In lieu of an abstract, here is a brief excerpt of the content:

Reviewed by:
  • The Spectacular Modern Woman: Feminine Visibility in the 1920s
  • Lois W. Banner
The Spectacular Modern Woman: Feminine Visibility in the 1920s. By Liz Conor ( Bloomington: Indiana University Press, 2004. 329pp.).

Feminist, postmodern, and cultural studies theorists have long argued that from the beginning of modern capitalist, consumerist cultures in the late nineteenth century, women have been spectacles of objectified desire. Liz Conor explores the complexities of this thesis with regard to the 1920s, especially in the popular print media in Australia. She assumes, probably correctly, that the situations and trends she discusses in a provincial country existed in sites worldwide, as advertising everywhere found its major image of popular appeal in the young girl.

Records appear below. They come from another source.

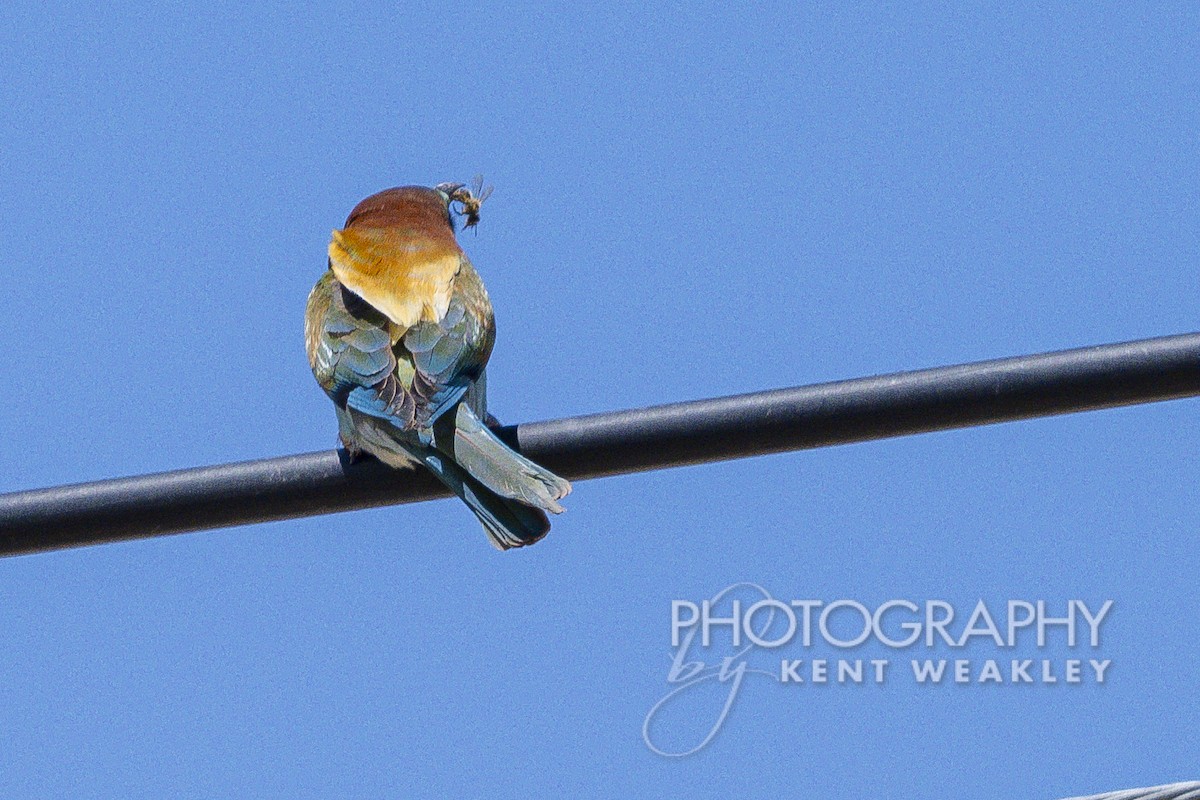 European Bee-eater - ML619075693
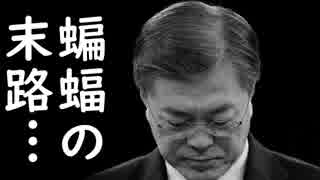 韓国が米国と中国の双方から制裁される事に今頃気が付き、トランプ大統領と習近平に泣き言を垂れ流すが時既にお寿司ｗ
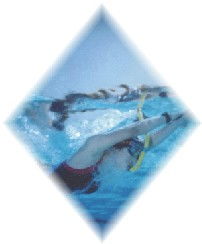 《西游无双》PVE与PVP模式深度剖析：策略各异，玩法多元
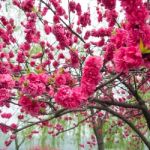 Peach Trees Blossoming Stock Photo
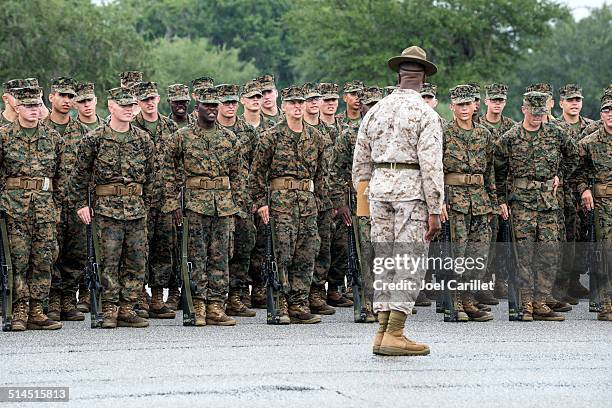 formação de base em parris island - treino militar imagens e fotografias de stock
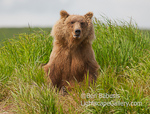 Teddy Bear. McNeil River, AK. Grizzly bear sits in the grasses above McNeil Falls finishing up a lunch of fresh Alaskan salmon.  Ben Babusis, Lightscape Gallery.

That, for example, is the conclusion advanced independently by scholars involved in the interesting Modern Girl Around the World Project, centered at the University of Washington. They have found similar trends with regard to consumerism, modernity, and young women in a variety of locations. Indeed, as Conor argues, agreeing with their conclusion, the modern girl "was the first cultural figure to travel along the multidirectional, intersecting flows of transnational capital." (7)

Conor focuses on six cultural areas in Australia in the 1920s: the metropolis, the movies, commodity culture, beauty culture, the late colonial scene, and the heterosexual leisure scene. She also pays attention to types of the modern woman that appeared at this time, including the screen star, beauty pageant contestants, flappers, and mannequins. She has done a considerable amount of research in Australian periodicals, especially ones produced in Sydney and Melbourne, as well as a few in the United States and in England.

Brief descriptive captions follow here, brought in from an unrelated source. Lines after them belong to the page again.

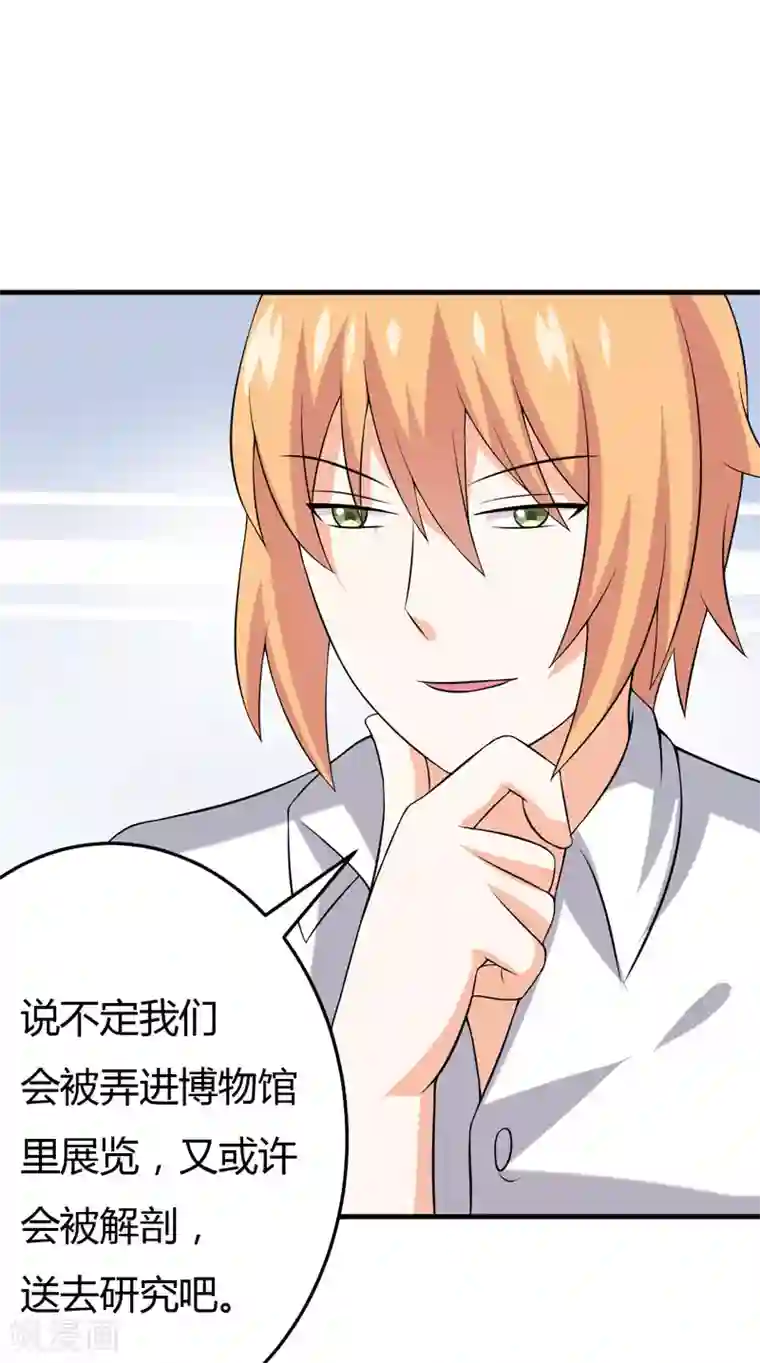 在下铲屎官：喵王在上第28话 水蛇的袭击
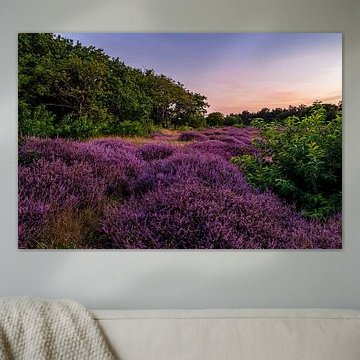 Heidelandschaft Sonnenveld Dunea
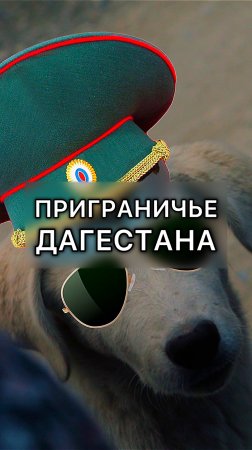 Тлярата. На посте с погранцами живет пес-помощник 🐕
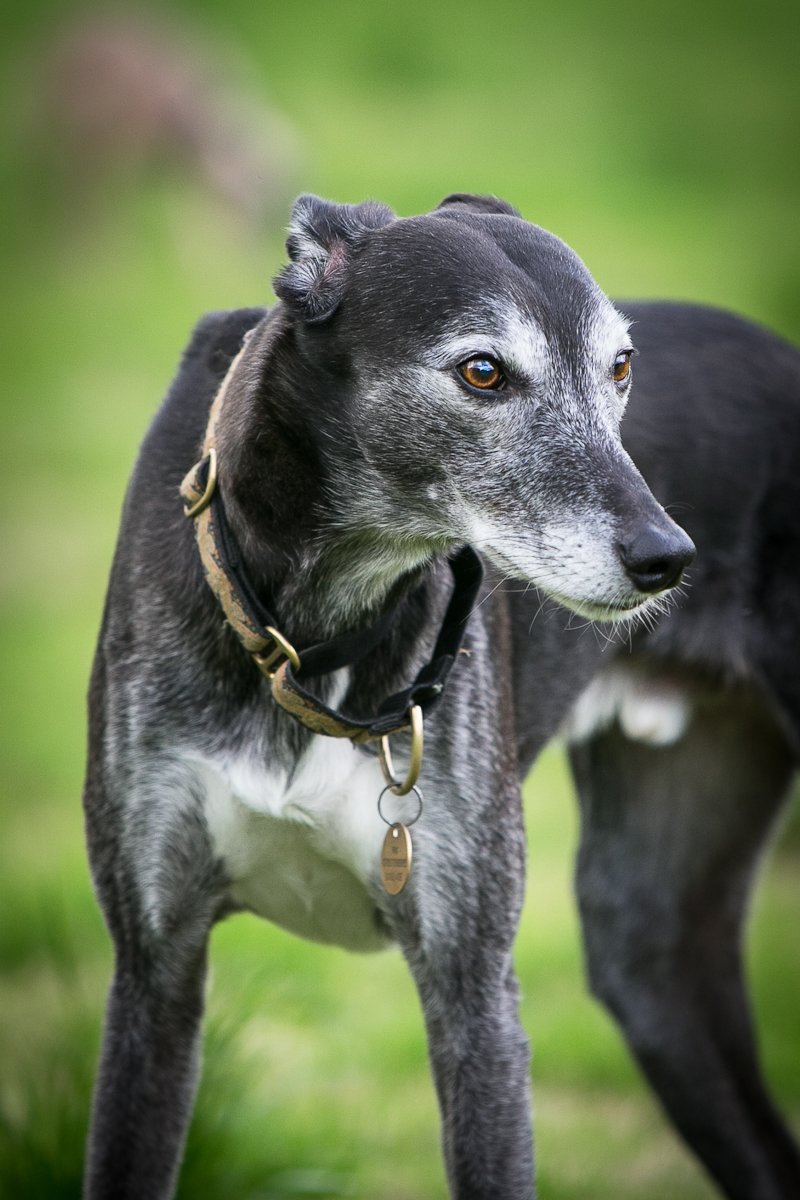 Why the name "Forest Fleece"? It holds a deep meaning. Having dogs all my life, I've had the privilege of forming countless special bonds with them all. However, there was one who truly captured my heart - (known as a heart dog), Forrest, a lurcher with whom I shared an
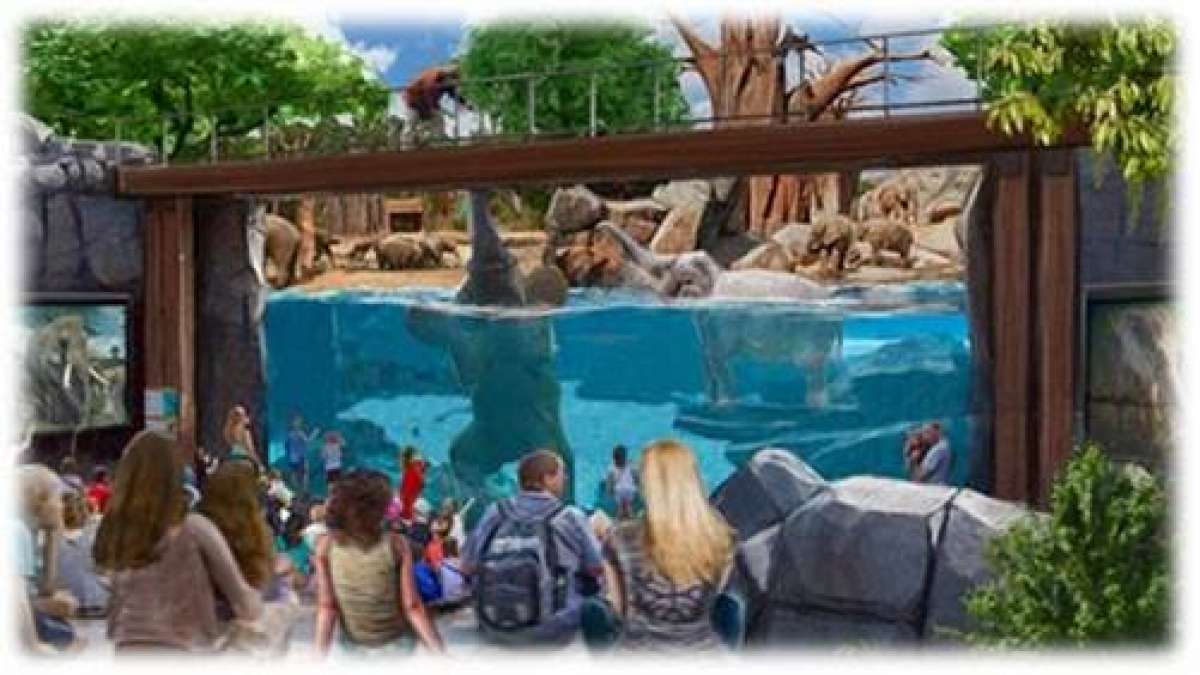 Na Biosfera dos Elefantes o acesso dos visitantes será por meio de túneis e aquários - Imagens ilustrativas/Divulgação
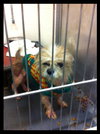 Charlie-Shih Tzu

Yet theory rather than history drives her perspective, and she draws from the standard cast of theorists, mentioning literally scores along the way, including (in alphabetical order) Adorno, Althusser, Benjamin, Berger, Bhabba, Boudrillard, Debord, Foucault, Freud, Heidegger, Jay, Jameson, and the feminist heavies, Simone de Beauvoir, Judith Butler, Luce Irigaray, and Theresa di Lauretis. The results are somewhat overwhelming for a historian like me, and her own difficulties in dealing with so many theorists are evident in an annoying tendency to repeat her conclusion again and again with slight variations: that the status of woman as object in modernity is shifting, multifaceted, and contradictory, as women asserted a claim to the new that was beyond any objectification visited on them. She writes that they strode down the streets, for example "encountering and negotiating the gaze of others," yet making themselves into individual spectacles—all of which resembled each other. (46)

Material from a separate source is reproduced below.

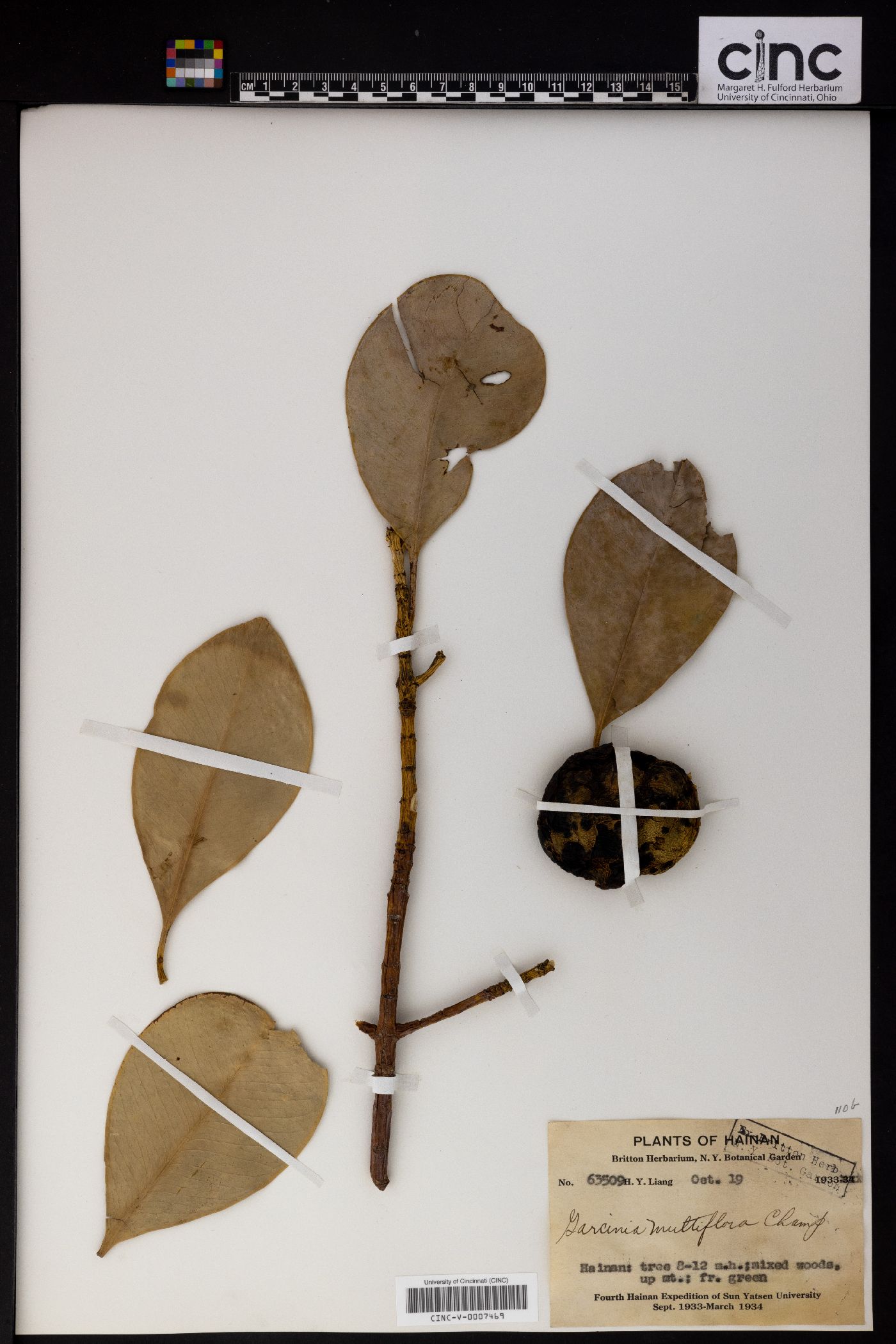 Garcinia multiflora image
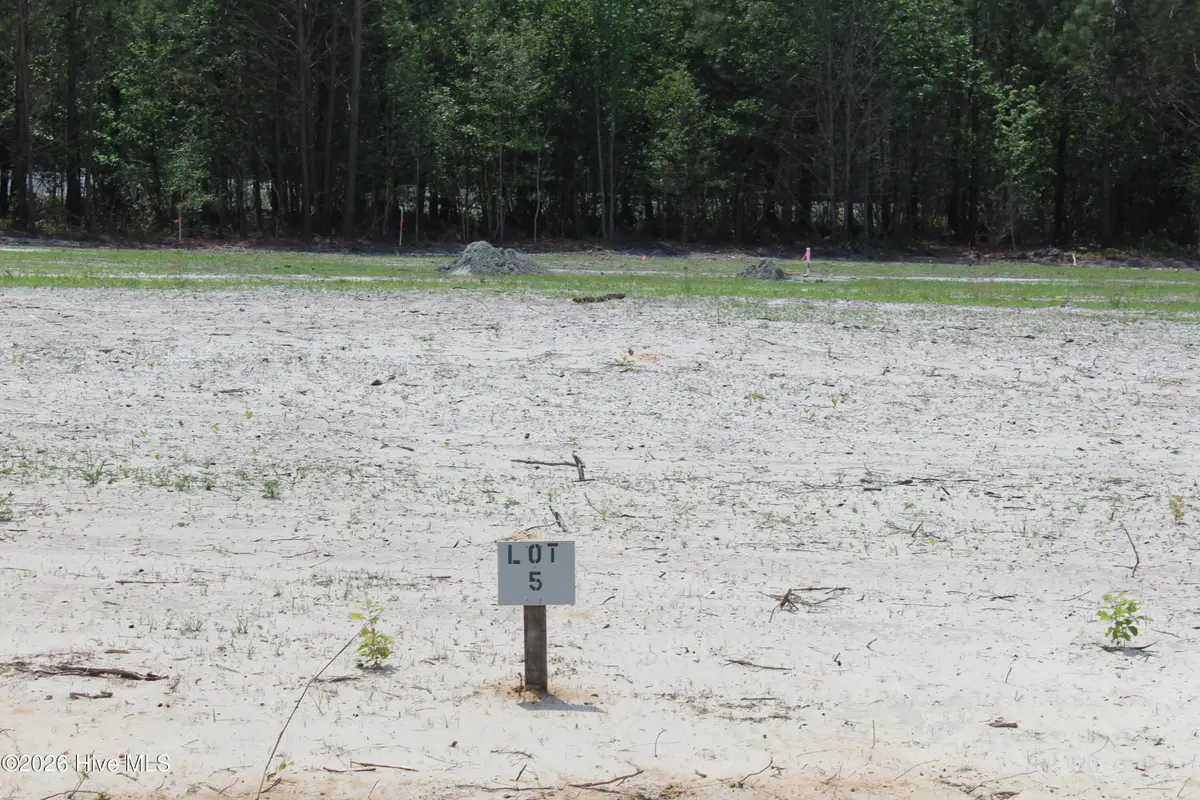 950 Blind Bridge Road, Magnolia, NC 28453 - #1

Moreover, Conor fails to take into account theorists like Camille Paglia who have argued that, from Cleopatra to Mata Hari and Marilyn Monroe, women's greatest power has lain in their sexuality, viewed in terms of their ability to utilize objectification to gain independence and power through controlling men. I find this theoretical stance perverse, but given her theoretical inclusiveness, Conor should have given this idea its due.

The most innovative parts of the book involve Conor's discussions of the "mannequin" and of the flapper. The word "mannequin" referred both to female bodies made out of plastic that were employed as models in shop windows and to the real women who modeled clothes in such venues as designer shows and photographs in fashion magazines. Insofar as the mannequin was a lifeless and [End Page 578] unchanging image, the figure demonstrated women's willingness to internalize the dictates of consumer culture to make themselves into spectacles of the self. Moreover, the flapper, independent and rebellious, was both a standardized image and an individualized one, as young women adopted a stance that made them both subjects of the gaze and objects of it.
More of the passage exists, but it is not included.